Collection entries
"""

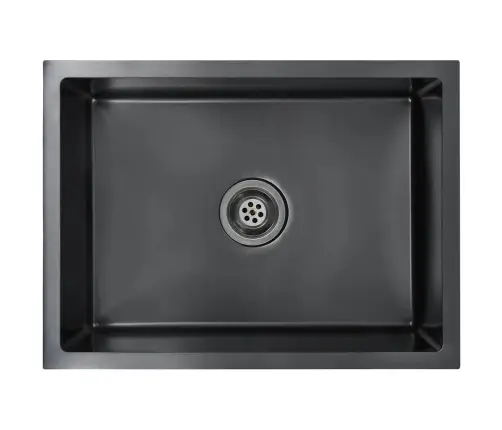 Virtuves Izlietne, Nerūsējošs Tērauds, Melna Vidaxl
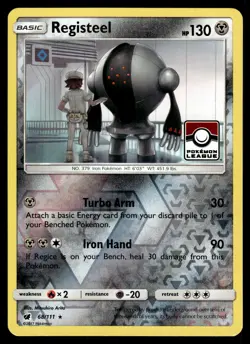 Registeel 068/111 League & Championship Cards Pokemon - Image 1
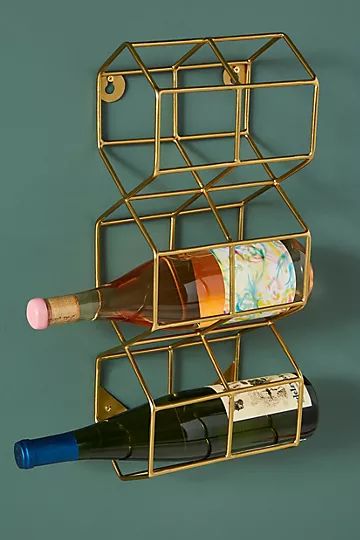 Thea Wall Mounted Wine Rack | Anthropologie (US)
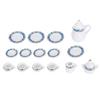1:12 Dollhouse Kitchen Miniature 15pcs Porcelain Flower Tea Cup Set Decor Collection (#2)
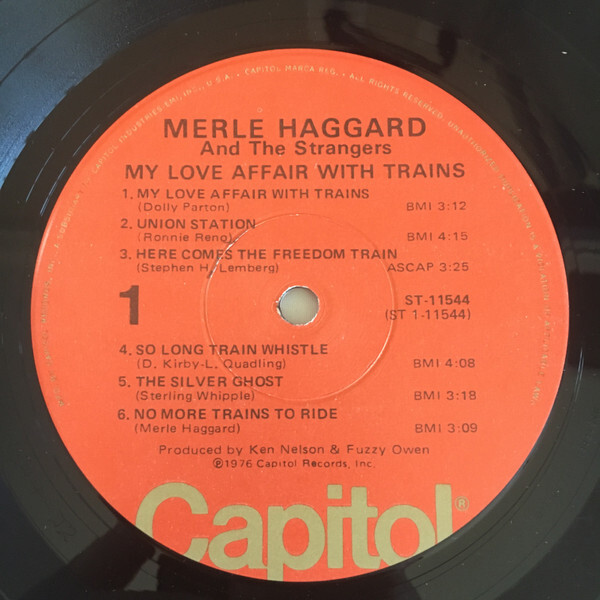 米LP Merle Haggard And The Strangers My Love Affair With Trains ST11544 Capitol Records /00260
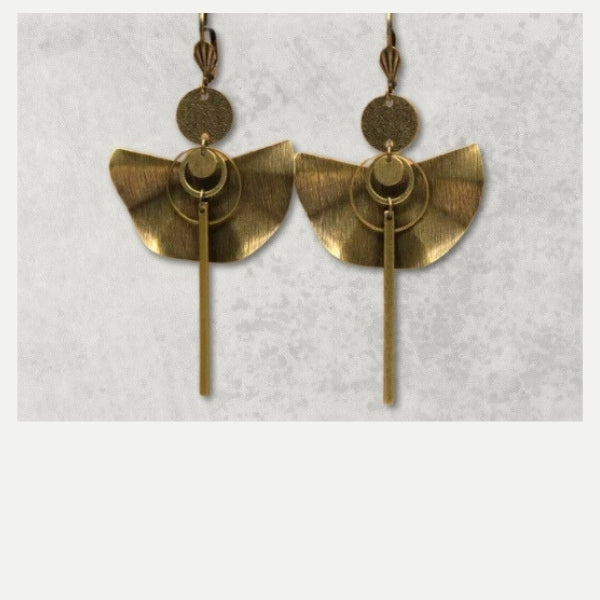 DIY boucles d’oreilles bronze Darbres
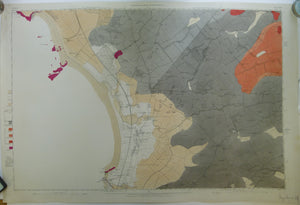 Ayrshire, 27 (1868)1:10,560 scale OS basemap 1860. Covers Prestwick at south edge. 30% blank as sea. Colour washed engraving,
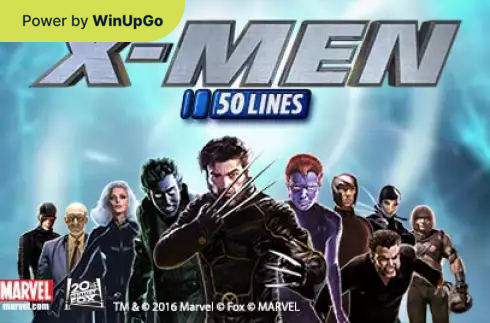 Spielautomat X man 50 lines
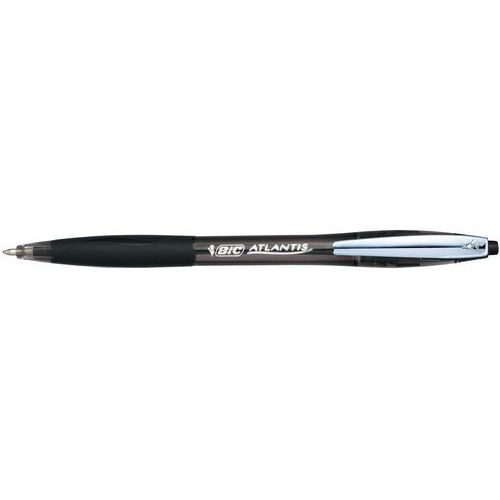 Guľôčkové pero Bic Atlantis Soft s výsuvnou a naplniteľnou rukoväťou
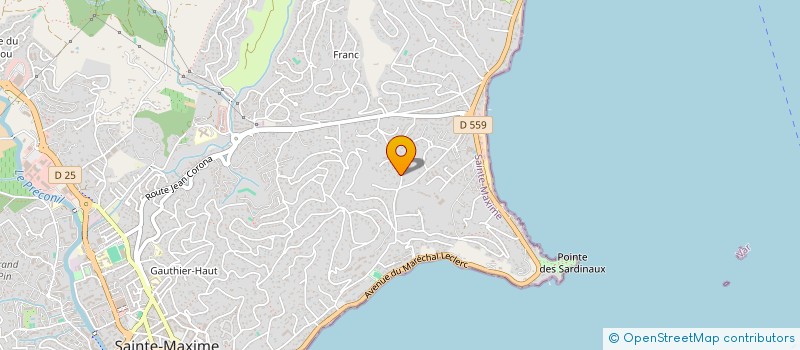 localisation de l'entreprise SCI LES 9 à SAINTE-MAXIME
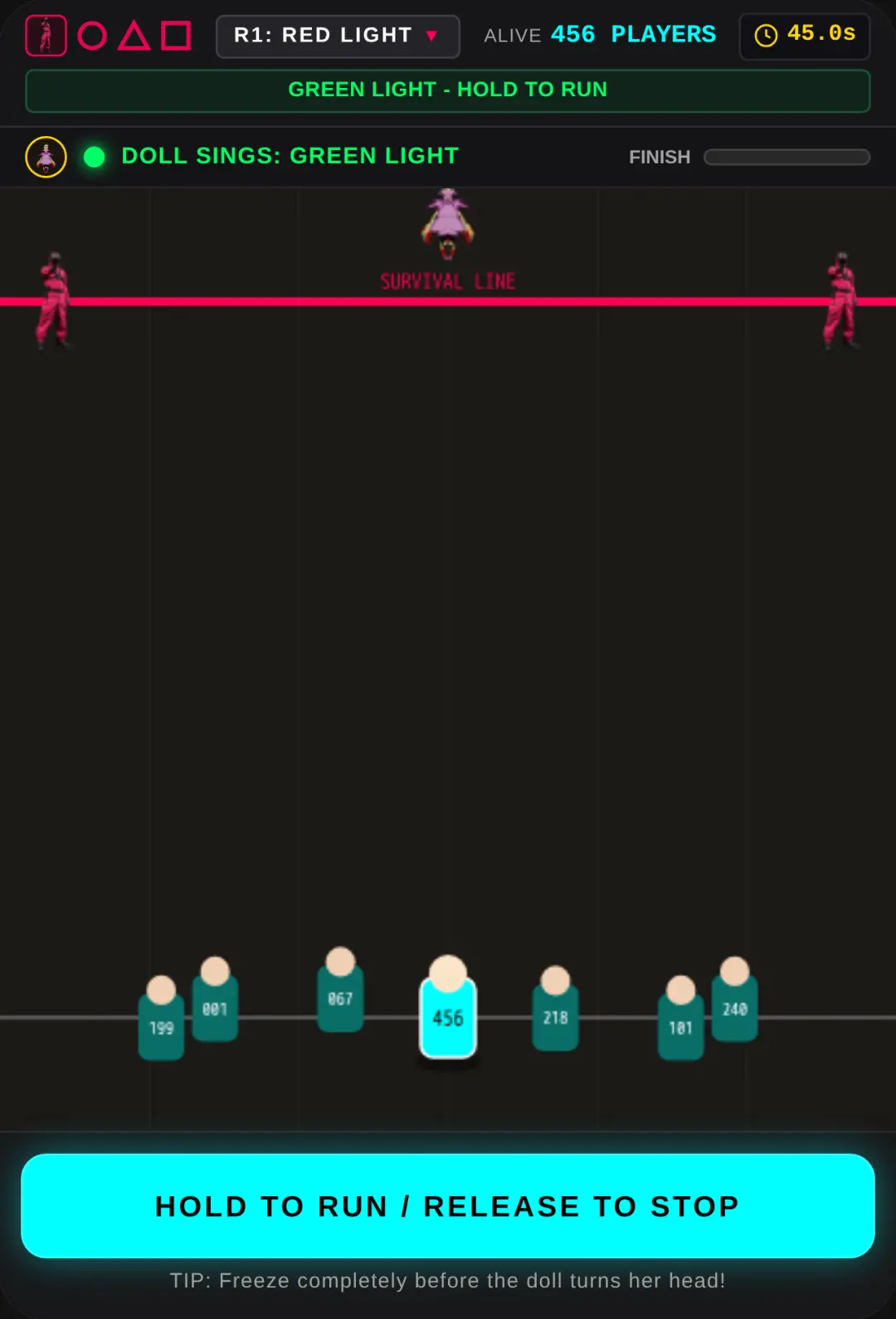 Squid game cover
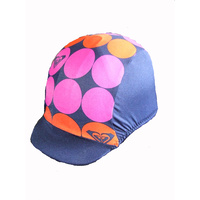 Ecotak Lycra Helmet Cover - Navy Roxy Print.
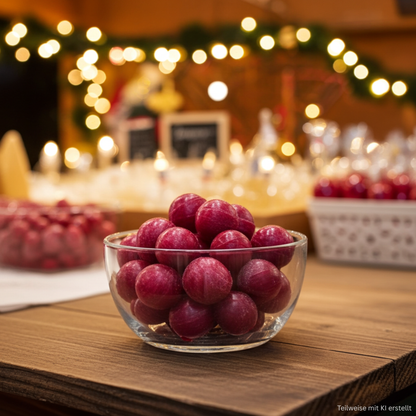 Wildkirsche-Bonbons Fruchtbonbons Nahaufnahme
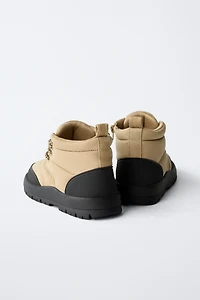 WATER REPELLENT QUILTED BOOTS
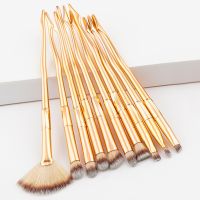 10pcs Luxury Gold Makeup Brushes Sets Foundation Powder Blush Eyeshadow Concealer Lip Eye Brush Cosmetics Maquiagem Beauty Tools Makeup Brushes Sets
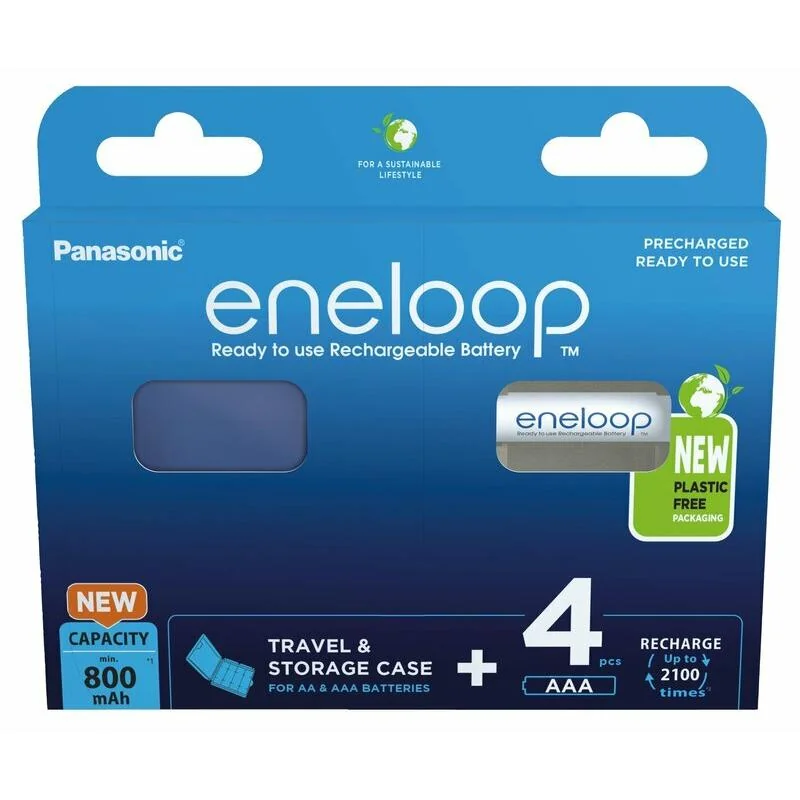 Panasonic Eneloop BOX AAA 800 mAh nabíjacie batérie 4ks (BK-4MCDEC4BE)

"""

■ **Your goal**
Retyping should start at the first line of the data above and stop after the line with "Ayrshire, 27 (1868)1:10,560", and no picture should be included.

■ **Answer section**
 Virtuves Izlietne, Nerūsējošs Tērauds, Melna Vidaxl
 Registeel 068/111 League & Championship Cards Pokemon - Image 1
 Thea Wall Mounted Wine Rack | Anthropologie (US)
1:12 Dollhouse Kitchen Miniature 15pcs Porcelain Flower Tea Cup Set Decor Collection (#2)
 米LP Merle Haggard And The Strangers My Love Affair With Trains ST11544 Capitol Records /00260
 DIY boucles d’oreilles bronze Darbres
 Ayrshire, 27 (1868)1:10,560 scale OS basemap 1860. Covers Prestwick at south edge. 30% blank as sea. Colour washed engraving,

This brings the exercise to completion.